I’m cool. I’m 26 and work for a large public accounting firm. I’m currently on rotation in India as part of a one year assignment.
I graduated in 2010, and moved to Chicago a few months later to work for the firm I had interned with. The internship wasn’t great, but the market was in the shitter and college grads with no experience weren’t exactly in high demand. I have entertained the idea of quitting ever since.
To be fair, the job is not 100% terrible. On good days I feel I am learning, appreciate my salary, and think it’s fine for now. On not-so-good days I might wonder if I can “see myself here long-term”. But most days I’ll tell anyone that will listen that my job is crushing my soul, making me fat and ruining my life.
Why haven’t I quit? Like I said, the job is not that terrible. I mean it’s bad, but as my dad likes to remind me, I could be delivering pizzas. Touché, Dad.
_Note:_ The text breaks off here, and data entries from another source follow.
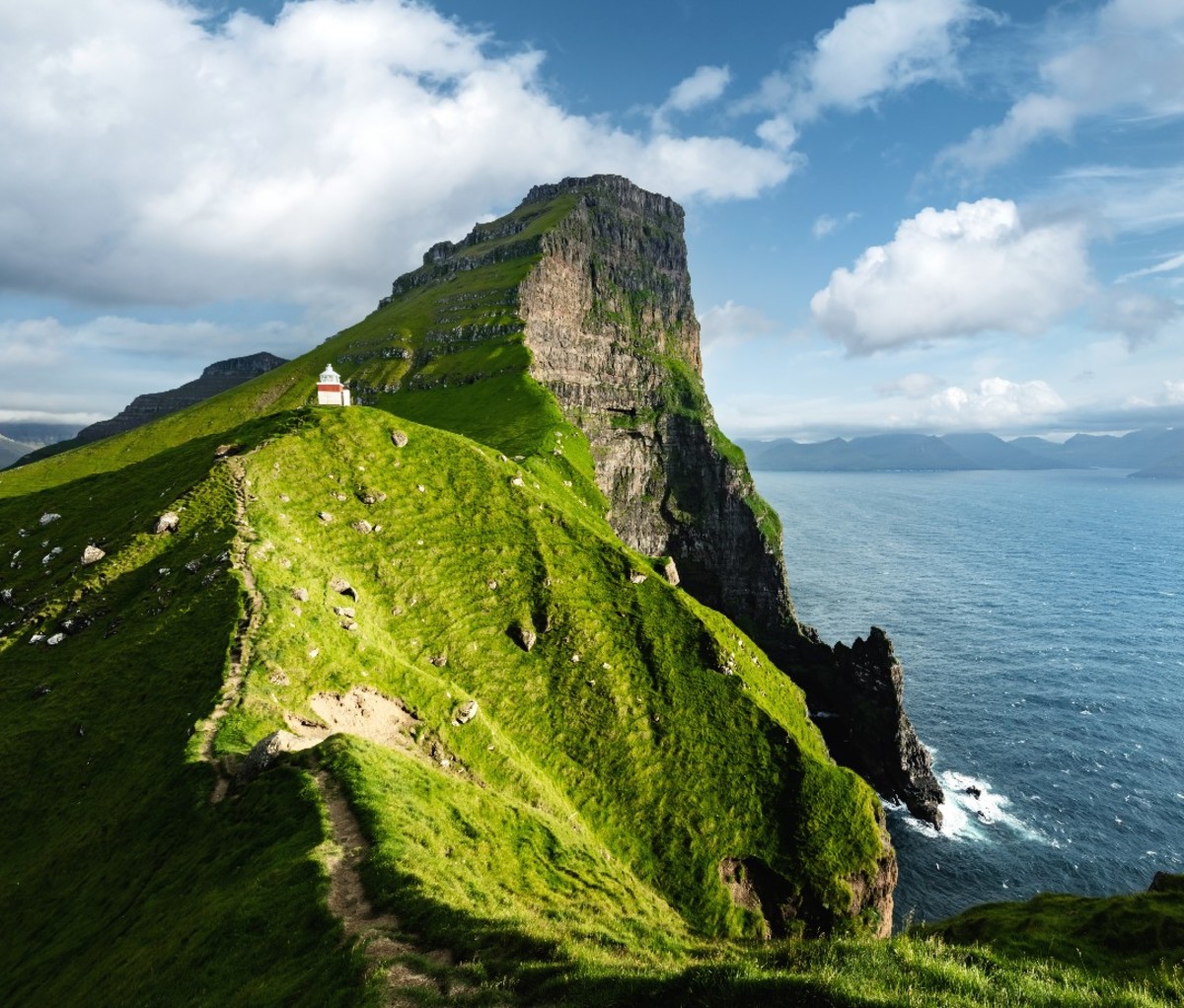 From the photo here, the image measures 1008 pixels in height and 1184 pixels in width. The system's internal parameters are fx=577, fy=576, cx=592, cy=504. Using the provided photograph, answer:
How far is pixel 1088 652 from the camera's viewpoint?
129 meters

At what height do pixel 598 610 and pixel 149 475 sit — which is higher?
pixel 149 475

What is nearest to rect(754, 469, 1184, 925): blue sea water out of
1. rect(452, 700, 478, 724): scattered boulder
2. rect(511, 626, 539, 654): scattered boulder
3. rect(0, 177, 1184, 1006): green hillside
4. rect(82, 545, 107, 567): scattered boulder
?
rect(0, 177, 1184, 1006): green hillside

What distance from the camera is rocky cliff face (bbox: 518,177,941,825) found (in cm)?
10000

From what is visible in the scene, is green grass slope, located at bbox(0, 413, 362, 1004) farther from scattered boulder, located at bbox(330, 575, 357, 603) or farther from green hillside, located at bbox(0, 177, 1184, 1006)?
scattered boulder, located at bbox(330, 575, 357, 603)

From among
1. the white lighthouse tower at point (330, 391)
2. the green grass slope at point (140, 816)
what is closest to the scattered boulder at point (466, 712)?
the green grass slope at point (140, 816)

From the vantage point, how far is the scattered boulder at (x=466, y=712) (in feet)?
125

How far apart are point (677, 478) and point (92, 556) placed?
132 metres

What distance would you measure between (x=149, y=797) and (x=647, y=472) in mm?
134422

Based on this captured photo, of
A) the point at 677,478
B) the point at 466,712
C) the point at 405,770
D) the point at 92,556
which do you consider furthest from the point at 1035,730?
the point at 92,556

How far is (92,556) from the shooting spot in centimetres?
4338

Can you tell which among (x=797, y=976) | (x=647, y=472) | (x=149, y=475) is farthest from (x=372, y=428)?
(x=647, y=472)

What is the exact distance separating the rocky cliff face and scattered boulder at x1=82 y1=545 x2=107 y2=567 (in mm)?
88642

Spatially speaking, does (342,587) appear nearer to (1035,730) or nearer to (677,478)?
(1035,730)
There are a lot of reasons I haven’t left yet – money, I learn stuff, besides the hours my job is pretty easy (Tick-Tie-Repeat), etc. The primary reason, though, is I just don’t know what else to do.
Sound familiar? It should, cause when I whine people tell me “everyone” feels this way. As in:
“Everyone hates their jobs”,
“Everyone hates public accounting”,
“All entry-level jobs suck”,
“No one in their twenties knows what they want to do”, and (my personal favorite) –
“You need to pay your dues”.
Whatevs, I don’t buy it. People are happy somewhere. So, if you don’t really like your job but don’t know what else you’d do and you feel angst-y about it and you don’t think it’s OK to be unhappy simply because you’re at the beginning of your career, maybe you’ll enjoy this blog. I’d say it’s about 30% career blues and 70% miscellaneous.
As far as the name – it’s from a couple poems. It works, I think.